Steve Triolet, research manager for Dallas-based Younger Partners, said he expects the amount of subleased office space in Dallas-Fort Worth to meet a new threshold by mid-2023.
“We are on a trajectory to hit 12 million square feet of sublease office space being on the market by mid-2023 based on how much has been added in the last few months,” Triolet told CoStar News. “Some of that space rolls off into direct space — like in Genpact’s case — but more is coming to the market than is being converted to direct vacant space.”
Recent tech industry layoffs add another wrinkle to the office leasing story, Triolet said, with Salesforce yet to add some of its Dallas space to the sublease market like they have in San Francisco. Earlier this month, Salesforce executives told regulators the layoffs would result in a reduction in office space in “certain markets.”
Triolet told CoStar News he’s closely watching to see how those national layoffs trickle into the Dallas-Fort Worth region. If the job market softens, he said, it could once again impact the demand for office space.
“Since there’s been more clarity on hybrid work, it seems the sublease market is increasing,” he said. “There’s sublease space of every shape and size in Uptown, Far North Dallas, Las Colinas-Irving, Richardson and Plano.”
Big Spaces
Some of the office sublease market in Dallas-Fort Worth has begun to get stale, even as it has grown, but new space routinely comes to the market. Ride-hailing company Uber, which listed more than 100,000 square feet of office space on the sublease market in 2020, later scaling down its expansion plans to Dallas and forgoing millions of incentives, has only added to its sublease profile.
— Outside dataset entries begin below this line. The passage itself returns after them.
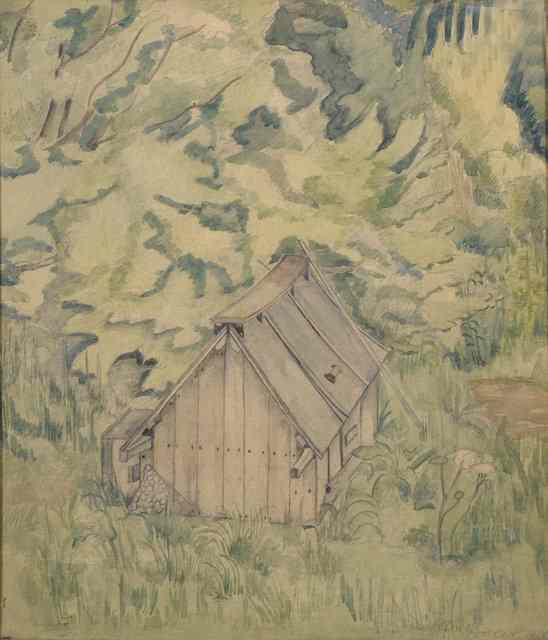 Appraisal: Pamela M Spencer - Looking down to the shed signed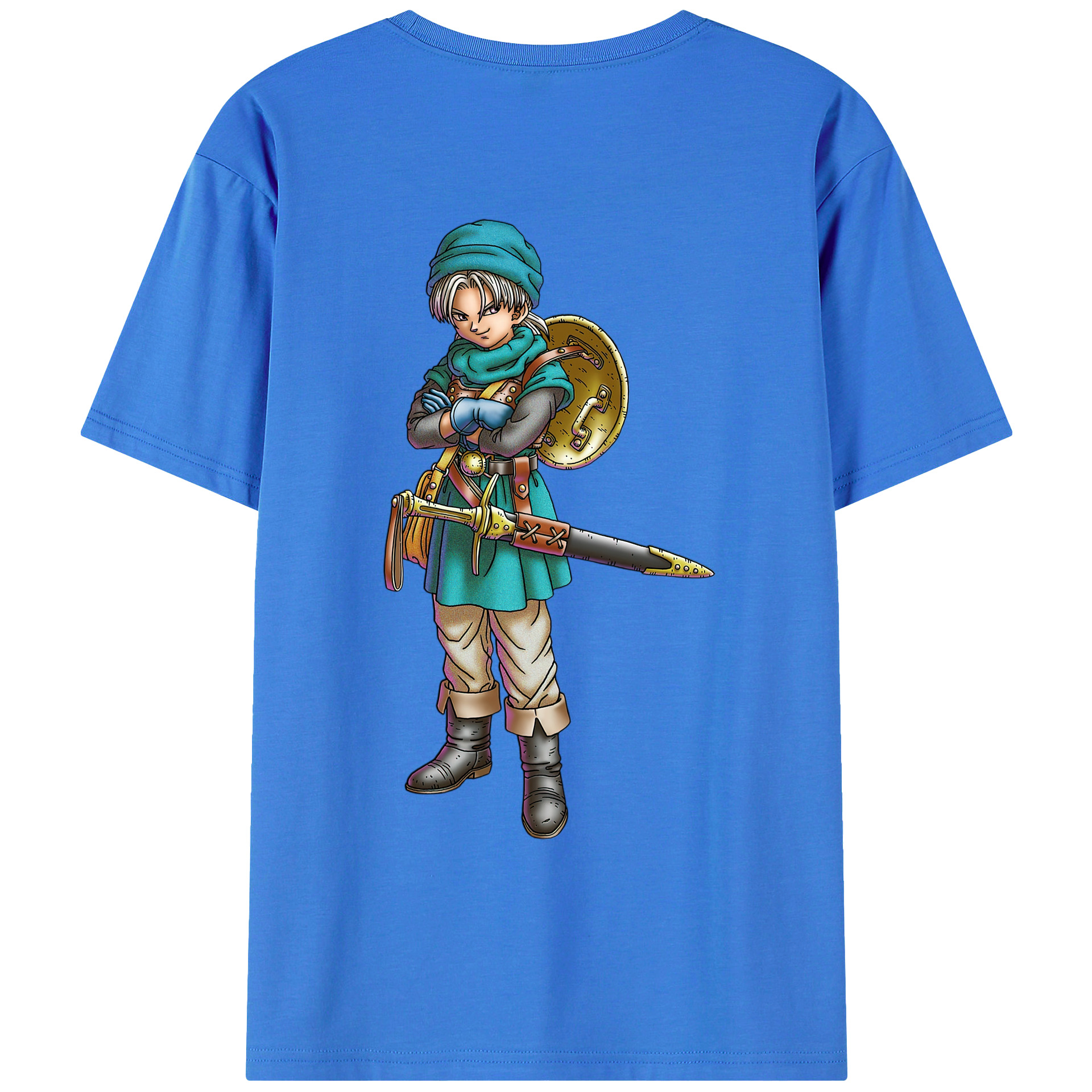 （画像用） ドラゴンクエスト Doragon Kuesuto Dragon Quest 綿100％ メンズ半袖Tシャツ（バックプリント） 通気性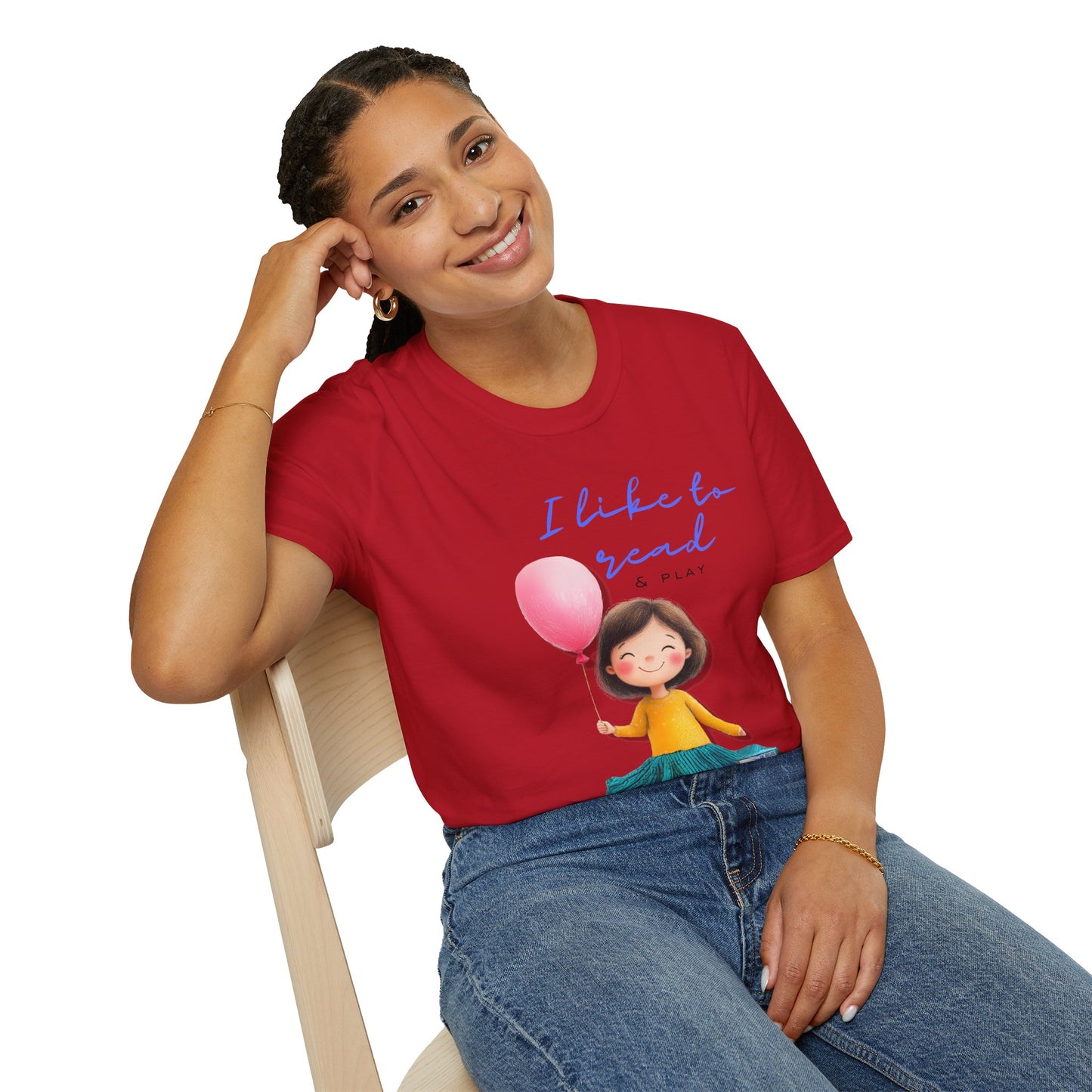 Women's Fun T-Shirt - "I Like to Read & Play"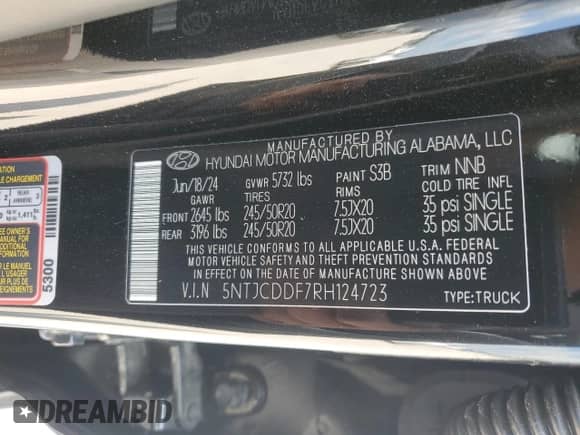 2024 Hyundai Santa Cruz Night Edition с VIN 5NTJCDDF7RH124723, выставлен на аукционе Copart как лот 71933884 с пробегом Не указан миль и Списание • Salvage title. История ставок и продаж доступна на DreamBid. Изображение 15.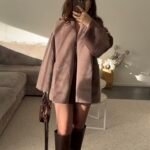 Zachte stof jas met riem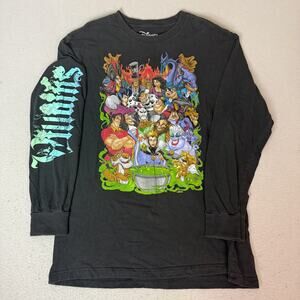 Disney Villains Long Sleeve Shirt XL Black Mad Engine Villains Graphic Tee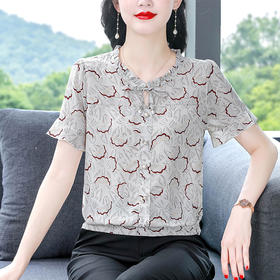 KQL A83N9092时尚碎花雪纺衫气质印花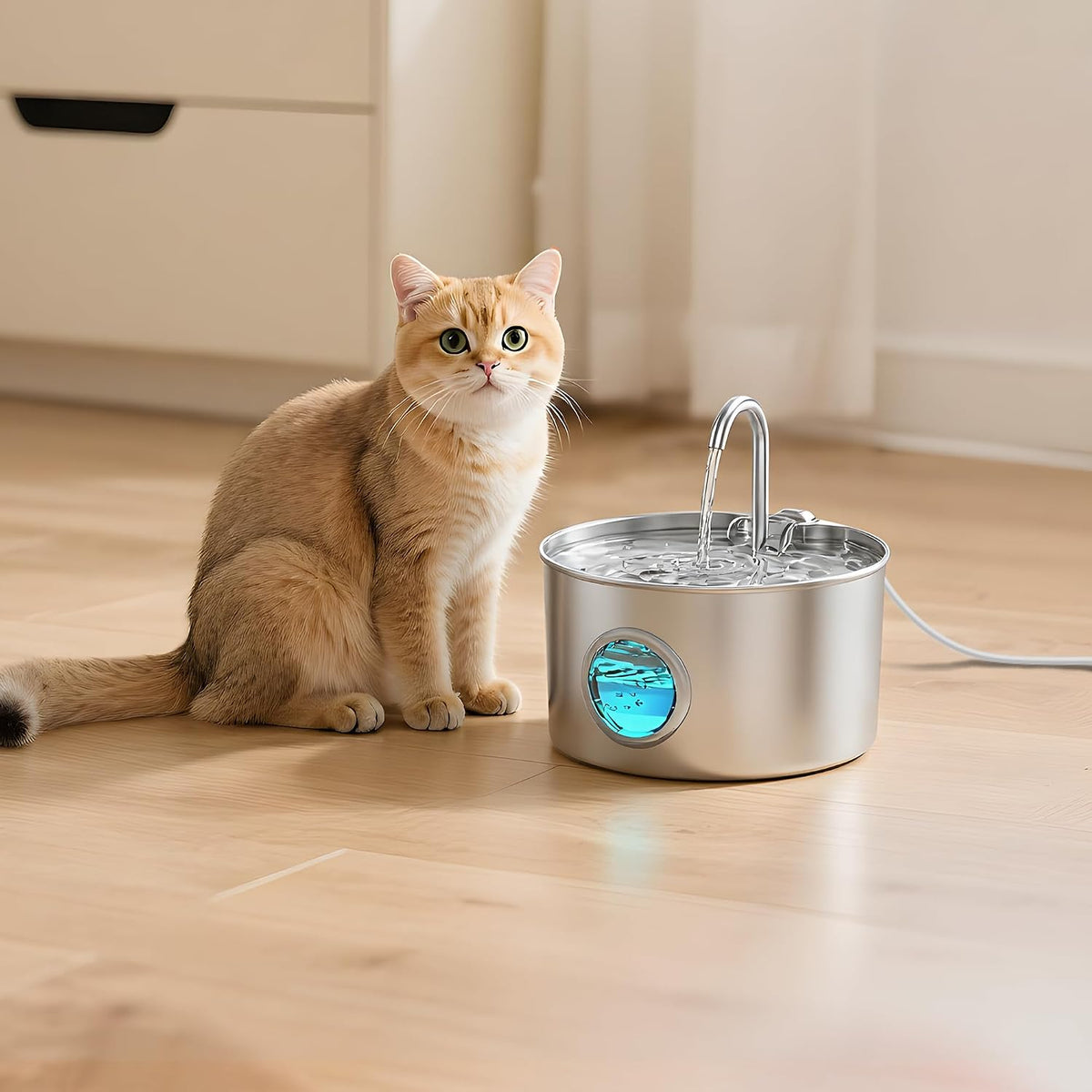 Cat Water Fountain Filter: Cat Fountain Filters - Pet Dispenser Replacementfilter - Suitable for Stainless Steel Water Fountains for Cats - 6 Filters + 6 Sponges of Dog Dispenser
The available space in the initial phase of The Epic expires this year, rolling for the sublease market, however, Uber has nearly 364,000 square feet of space available for sublease spanning 13 floors of the 23-story office tower, which was completed last year. CBRE is marketing the sublease to would-be tenants on behalf of Uber, according to a marketing brochure.
Reata Pharmaceuticals has been marketing its entire build-to-suit project — a 21-story, 327,000-square-foot office building at 6100 Legacy Drive in Plano — for sublease since last year. CBRE has been marketing the sublease to would-be tenants, which might be a few tenants rather than a single tenant, according to marketing materials. The building, completed in 2021, is still in shell condition.
Meanwhile, another Deep Ellum space is on the sublease market, with fast-growing startup Bestow listing its office space totaling more than 40,000 square feet spanning two floors, fully furnished and designed without the Dallas-based digital life insurance company ever taking occupancy of the space at The Stack Deep Ellum at 2700 Commerce St. in Dallas. Bestow’s office lease — and thus the sublease — runs through the end of January 2034. Dallas-based Altschuler and Co. is marketing the sublease on behalf of Bestow, according to marketing materials.
Triolet said he sees the most traction for subleases being between 3,000 square feet and 10,000 square feet, with office tenants actively taking down subleases in that range on a regular basis. For the bigger spaces, Triolet said it’s likely they will need to chip away at them with smaller deals.